### Work instruction
Would you repeat each line below precisely as it stands?

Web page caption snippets
::::::::::

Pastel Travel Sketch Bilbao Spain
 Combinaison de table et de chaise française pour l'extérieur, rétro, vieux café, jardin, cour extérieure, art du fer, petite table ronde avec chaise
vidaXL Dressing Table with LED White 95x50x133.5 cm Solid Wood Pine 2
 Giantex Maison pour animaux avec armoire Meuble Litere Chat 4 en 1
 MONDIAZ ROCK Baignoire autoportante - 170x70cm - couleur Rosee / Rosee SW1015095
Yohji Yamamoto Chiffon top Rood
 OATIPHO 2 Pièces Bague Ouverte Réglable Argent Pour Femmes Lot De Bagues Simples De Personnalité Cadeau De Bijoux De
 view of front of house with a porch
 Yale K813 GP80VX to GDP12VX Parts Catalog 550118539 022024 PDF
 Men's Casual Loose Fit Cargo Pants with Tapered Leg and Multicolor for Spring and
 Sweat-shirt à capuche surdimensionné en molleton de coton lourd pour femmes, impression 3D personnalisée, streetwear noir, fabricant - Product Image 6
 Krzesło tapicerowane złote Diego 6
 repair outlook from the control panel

::::::::::

### Task response
Pastel Travel Sketch Bilbao Spain
 Combinaison de table et de chaise française pour l'extérieur, rétro, vieux café, jardin, cour extérieure, art du fer, petite table ronde avec chaise
vidaXL Dressing Table with LED White 95x50x133.5 cm Solid Wood Pine 2
 Giantex Maison pour animaux avec armoire Meuble Litere Chat 4 en 1
 MONDIAZ ROCK Baignoire autoportante - 170x70cm - couleur Rosee / Rosee SW1015095
Yohji Yamamoto Chiffon top Rood
 OATIPHO 2 Pièces Bague Ouverte Réglable Argent Pour Femmes Lot De Bagues Simples De Personnalité Cadeau De Bijoux De
 view of front of house with a porch
 Yale K813 GP80VX to GDP12VX Parts Catalog 550118539 022024 PDF
 Men's Casual Loose Fit Cargo Pants with Tapered Leg and Multicolor for Spring and
 Sweat-shirt à capuche surdimensionné en molleton de coton lourd pour femmes, impression 3D personnalisée, streetwear noir, fabricant - Product Image 6
 Krzesło tapicerowane złote Diego 6
 repair outlook from the control panel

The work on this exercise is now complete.